De Fillon aux otages d'Arlit, des gens sérieux
Daniel Schneidermann - - Le matinaute - 111 commentaires Télécharger la videoTélécharger la version audio
Un des arguments déployés contre Hamon, c'est son amateurisme, et son défaut de "présidentialité".
Ecoutez-le parler. Regardez-le marcher. Regardez comment il s'habille. Franchement, vous imaginez ce gars à l'Elysée, sous les dorures ? Vous l'imaginez commander à des généraux ? Qu'il reste donc à ses rêveries fumeuses. Ne vaut-il pas mieux laisser le job à de vrais professionnels, des gens sérieux, qui maitrisent le Régalien (R majuscule, s'il vous plait) ?
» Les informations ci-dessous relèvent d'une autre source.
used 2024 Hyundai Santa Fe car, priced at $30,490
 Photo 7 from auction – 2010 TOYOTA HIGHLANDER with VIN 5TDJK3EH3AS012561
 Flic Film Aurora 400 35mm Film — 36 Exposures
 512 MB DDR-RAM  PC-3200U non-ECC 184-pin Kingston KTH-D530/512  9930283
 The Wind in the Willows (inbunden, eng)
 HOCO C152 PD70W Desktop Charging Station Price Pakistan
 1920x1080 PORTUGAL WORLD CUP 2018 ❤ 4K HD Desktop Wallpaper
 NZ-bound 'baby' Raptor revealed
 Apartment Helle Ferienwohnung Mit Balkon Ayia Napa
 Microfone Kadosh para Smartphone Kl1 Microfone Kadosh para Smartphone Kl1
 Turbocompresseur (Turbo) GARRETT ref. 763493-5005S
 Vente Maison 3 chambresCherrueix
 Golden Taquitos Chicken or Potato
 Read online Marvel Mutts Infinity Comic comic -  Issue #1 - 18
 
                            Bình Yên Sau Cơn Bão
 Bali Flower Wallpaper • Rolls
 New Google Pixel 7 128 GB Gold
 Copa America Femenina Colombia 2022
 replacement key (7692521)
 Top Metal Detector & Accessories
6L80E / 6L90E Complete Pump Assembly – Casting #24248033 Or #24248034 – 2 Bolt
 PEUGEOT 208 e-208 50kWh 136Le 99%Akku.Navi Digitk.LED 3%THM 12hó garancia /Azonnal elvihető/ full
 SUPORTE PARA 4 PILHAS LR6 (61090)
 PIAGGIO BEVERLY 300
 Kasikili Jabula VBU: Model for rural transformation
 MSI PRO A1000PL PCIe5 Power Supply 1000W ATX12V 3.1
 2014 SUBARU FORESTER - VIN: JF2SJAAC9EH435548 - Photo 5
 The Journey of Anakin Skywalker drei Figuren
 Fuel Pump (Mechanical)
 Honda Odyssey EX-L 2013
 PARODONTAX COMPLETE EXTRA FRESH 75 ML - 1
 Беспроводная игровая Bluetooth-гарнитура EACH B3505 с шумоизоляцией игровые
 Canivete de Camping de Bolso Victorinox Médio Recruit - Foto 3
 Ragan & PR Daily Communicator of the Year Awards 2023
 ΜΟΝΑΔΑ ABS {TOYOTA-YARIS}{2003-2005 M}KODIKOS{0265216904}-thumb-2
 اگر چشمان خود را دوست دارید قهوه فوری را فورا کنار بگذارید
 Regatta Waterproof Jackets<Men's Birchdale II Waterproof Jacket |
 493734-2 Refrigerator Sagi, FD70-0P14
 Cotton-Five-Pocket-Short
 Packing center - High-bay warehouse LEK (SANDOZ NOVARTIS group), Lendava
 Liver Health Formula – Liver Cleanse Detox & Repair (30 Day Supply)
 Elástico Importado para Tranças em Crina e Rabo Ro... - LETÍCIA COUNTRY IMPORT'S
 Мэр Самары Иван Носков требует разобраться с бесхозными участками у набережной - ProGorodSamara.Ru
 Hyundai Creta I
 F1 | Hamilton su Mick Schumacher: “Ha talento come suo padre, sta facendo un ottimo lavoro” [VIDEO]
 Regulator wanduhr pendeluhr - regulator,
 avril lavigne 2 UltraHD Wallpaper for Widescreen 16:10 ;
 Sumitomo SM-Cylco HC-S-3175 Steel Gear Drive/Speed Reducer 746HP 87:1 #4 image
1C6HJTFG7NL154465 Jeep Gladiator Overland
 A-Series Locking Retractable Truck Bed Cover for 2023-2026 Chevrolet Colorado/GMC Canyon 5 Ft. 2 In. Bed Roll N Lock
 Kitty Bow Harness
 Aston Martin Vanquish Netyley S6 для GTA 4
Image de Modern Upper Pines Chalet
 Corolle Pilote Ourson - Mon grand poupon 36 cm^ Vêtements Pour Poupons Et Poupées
Des gens sérieux, il en était question hier soir, dans une longue et remarquable enquête d'Envoyé Spécial sur les otages d'Arlit (détenus de 2010 à 2013). Du sérieux de chez sérieux. Jouant habilement de la rivalité entre deux ex-espions impliqués dans la négociation, rivalité publique depuis l'an dernier, l'émission déroule une saga hallucinante, avec des protagonistes plus sérieux les uns que les autres. Deux présidents successifs, Hollande et Sarkozy. Un ministre de la Défense, Le Drian. Des directeurs de la DGSE. Des dirigeants d'Areva. Résultat : cafouillages et amateurisme à tous les niveaux, aussi bien sous la présidence Sarkozy que sous la présidence Hollande ; rivalités et absence de coordination entre AREVA , la DGSE, et le Ministère de la Défense ; mises sur pied de filières concurrentes de négociations ; contretemps inexpliqués ; soupçons qu'une partie des rançons versées ait pu revenir à des politiques français (à cet instant, images de Claude Guéant à l'écran), sous forme de rétrocommissions ; et pour finir, une hypothèse : si les deux journalistes de RFI, Ghislaine Dupont et Claude Verlon, ont été exécutés, en novembre 2013, ce serait en représailles contre la France, qui n'aurait pas tenu ses engagements dans les prises d'otages antérieures. Une hypothèse, rien de plus. Mais sérieuse.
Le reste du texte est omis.